**Task item**
Search the material for the string "Flat", then show every line where it turns up.

**Material provided**
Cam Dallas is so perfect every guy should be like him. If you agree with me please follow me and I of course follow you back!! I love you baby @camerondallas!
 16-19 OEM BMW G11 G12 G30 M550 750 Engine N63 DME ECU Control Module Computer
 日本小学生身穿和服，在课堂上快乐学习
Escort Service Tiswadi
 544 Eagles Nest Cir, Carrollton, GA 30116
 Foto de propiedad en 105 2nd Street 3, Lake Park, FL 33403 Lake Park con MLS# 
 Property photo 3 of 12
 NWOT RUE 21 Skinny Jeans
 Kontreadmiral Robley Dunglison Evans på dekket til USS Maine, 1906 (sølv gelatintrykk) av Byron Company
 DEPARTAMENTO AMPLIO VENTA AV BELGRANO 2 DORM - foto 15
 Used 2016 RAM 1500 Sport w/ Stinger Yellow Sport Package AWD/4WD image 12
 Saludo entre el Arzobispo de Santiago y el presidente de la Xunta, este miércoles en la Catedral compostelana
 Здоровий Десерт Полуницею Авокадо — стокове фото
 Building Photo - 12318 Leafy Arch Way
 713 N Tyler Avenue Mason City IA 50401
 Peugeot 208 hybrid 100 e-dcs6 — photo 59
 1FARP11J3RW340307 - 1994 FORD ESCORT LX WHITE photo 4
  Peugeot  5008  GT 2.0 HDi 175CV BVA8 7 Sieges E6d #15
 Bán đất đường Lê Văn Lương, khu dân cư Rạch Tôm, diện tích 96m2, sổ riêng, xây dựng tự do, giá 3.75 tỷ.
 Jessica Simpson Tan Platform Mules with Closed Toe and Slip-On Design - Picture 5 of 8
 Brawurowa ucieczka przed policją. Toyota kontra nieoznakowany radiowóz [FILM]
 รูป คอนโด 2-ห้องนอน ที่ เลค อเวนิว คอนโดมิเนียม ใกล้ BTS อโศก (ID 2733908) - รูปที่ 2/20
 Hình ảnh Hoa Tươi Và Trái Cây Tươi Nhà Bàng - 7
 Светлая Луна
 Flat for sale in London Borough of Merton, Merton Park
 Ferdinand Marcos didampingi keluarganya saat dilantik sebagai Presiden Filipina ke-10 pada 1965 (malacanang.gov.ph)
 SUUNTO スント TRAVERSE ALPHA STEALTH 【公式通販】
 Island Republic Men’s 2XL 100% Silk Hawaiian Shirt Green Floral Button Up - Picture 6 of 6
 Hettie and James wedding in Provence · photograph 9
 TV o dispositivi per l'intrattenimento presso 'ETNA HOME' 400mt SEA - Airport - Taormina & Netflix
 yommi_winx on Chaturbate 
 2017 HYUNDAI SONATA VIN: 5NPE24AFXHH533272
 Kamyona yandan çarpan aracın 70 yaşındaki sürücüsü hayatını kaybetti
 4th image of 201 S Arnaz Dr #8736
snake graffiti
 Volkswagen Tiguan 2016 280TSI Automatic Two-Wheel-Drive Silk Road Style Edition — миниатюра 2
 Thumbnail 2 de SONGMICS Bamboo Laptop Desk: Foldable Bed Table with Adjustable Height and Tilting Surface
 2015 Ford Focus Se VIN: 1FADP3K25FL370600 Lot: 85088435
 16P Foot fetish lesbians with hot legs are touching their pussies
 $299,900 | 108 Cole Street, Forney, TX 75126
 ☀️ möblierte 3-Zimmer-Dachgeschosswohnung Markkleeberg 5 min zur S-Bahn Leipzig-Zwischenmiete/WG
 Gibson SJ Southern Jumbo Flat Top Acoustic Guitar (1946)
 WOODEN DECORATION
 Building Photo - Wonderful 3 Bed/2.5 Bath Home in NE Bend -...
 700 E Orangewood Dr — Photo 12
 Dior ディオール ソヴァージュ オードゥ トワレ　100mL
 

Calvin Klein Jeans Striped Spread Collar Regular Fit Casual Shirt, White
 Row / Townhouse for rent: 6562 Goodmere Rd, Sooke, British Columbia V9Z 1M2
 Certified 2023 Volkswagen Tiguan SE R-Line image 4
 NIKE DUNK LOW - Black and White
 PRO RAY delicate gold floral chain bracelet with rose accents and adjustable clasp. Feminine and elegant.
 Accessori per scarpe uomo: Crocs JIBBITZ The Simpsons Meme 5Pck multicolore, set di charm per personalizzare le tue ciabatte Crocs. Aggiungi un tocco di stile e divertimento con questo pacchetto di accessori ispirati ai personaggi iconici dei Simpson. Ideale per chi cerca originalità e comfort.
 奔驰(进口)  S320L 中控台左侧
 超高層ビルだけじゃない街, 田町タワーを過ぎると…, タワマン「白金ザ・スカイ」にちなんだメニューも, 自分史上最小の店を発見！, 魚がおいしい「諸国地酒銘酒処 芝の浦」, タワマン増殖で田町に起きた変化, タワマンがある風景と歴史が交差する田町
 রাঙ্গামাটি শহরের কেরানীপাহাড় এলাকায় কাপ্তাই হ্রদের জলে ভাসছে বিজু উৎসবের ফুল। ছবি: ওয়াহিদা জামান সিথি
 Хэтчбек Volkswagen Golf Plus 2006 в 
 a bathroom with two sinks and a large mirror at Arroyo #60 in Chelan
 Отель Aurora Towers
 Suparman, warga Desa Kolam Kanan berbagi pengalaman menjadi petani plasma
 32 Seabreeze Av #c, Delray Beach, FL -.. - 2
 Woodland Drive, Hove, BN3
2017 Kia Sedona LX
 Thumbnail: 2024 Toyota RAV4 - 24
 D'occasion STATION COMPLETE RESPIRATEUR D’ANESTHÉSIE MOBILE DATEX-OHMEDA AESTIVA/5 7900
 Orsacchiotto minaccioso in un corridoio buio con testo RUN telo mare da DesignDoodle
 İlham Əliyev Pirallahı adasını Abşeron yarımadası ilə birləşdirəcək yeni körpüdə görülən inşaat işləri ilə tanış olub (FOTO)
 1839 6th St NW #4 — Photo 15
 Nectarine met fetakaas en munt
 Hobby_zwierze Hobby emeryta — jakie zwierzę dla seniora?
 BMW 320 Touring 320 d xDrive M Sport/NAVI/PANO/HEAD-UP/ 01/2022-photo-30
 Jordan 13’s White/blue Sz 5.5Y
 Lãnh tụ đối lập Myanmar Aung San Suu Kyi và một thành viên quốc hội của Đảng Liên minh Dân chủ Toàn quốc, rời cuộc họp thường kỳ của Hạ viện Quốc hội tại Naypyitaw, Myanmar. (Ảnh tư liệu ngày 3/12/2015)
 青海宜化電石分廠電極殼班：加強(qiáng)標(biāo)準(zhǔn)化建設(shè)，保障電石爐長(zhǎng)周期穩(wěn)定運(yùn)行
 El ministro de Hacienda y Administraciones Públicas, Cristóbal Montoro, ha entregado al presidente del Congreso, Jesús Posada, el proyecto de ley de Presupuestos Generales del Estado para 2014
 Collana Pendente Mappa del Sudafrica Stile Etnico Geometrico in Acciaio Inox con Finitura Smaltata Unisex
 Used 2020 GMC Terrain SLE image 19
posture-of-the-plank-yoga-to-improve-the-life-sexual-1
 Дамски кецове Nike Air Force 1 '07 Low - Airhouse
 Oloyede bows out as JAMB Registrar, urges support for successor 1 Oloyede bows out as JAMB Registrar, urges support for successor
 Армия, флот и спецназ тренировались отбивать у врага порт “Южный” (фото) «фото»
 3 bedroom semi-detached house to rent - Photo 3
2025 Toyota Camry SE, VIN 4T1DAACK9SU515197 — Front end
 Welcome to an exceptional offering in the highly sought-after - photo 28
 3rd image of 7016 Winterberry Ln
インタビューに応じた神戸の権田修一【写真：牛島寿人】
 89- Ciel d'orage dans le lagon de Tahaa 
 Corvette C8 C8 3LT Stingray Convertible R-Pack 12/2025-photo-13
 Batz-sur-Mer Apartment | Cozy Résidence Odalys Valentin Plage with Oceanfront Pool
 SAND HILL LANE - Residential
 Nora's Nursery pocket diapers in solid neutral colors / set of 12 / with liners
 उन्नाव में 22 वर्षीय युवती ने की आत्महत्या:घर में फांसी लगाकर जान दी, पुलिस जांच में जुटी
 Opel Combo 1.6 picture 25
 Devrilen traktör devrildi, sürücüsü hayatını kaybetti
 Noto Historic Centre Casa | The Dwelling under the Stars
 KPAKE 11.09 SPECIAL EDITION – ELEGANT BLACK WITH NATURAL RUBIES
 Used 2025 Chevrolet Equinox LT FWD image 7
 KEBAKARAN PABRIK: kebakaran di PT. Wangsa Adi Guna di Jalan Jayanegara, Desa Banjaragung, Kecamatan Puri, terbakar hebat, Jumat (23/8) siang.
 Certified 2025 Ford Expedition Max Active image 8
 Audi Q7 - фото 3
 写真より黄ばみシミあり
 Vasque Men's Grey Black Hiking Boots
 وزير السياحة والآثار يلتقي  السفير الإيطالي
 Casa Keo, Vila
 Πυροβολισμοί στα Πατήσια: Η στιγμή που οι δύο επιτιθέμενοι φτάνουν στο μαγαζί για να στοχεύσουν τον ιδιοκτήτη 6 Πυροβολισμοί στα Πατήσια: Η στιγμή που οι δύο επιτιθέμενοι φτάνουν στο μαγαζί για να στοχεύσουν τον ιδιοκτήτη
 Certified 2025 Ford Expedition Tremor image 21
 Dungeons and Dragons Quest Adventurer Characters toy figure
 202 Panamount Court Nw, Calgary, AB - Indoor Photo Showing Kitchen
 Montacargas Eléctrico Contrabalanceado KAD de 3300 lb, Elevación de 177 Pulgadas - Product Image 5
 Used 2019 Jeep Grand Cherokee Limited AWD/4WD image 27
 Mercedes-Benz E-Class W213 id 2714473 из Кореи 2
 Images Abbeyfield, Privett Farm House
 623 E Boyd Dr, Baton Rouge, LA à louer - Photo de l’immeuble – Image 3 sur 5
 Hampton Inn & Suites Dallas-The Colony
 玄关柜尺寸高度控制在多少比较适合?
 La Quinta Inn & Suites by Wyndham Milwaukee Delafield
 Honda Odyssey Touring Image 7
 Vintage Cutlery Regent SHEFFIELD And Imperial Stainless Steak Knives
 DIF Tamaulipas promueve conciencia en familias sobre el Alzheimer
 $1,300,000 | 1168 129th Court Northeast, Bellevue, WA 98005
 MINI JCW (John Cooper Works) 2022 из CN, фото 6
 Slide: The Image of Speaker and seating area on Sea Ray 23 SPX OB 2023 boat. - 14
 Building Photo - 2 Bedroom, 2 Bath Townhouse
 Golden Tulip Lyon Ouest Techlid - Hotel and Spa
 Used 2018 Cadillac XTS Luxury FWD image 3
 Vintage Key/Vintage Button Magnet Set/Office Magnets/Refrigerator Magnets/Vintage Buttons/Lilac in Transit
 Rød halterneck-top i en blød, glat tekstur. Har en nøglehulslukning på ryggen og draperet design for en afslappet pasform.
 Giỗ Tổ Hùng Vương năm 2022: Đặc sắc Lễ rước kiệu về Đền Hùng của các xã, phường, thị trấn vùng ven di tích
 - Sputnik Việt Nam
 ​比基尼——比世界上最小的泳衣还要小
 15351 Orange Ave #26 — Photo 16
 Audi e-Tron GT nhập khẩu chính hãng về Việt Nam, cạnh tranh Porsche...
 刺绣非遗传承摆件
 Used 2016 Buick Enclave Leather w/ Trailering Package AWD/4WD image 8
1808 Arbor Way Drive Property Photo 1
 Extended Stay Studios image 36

**Task solution**
 Flat for sale in London Borough of Merton, Merton Park
 Gibson SJ Southern Jumbo Flat Top Acoustic Guitar (1946)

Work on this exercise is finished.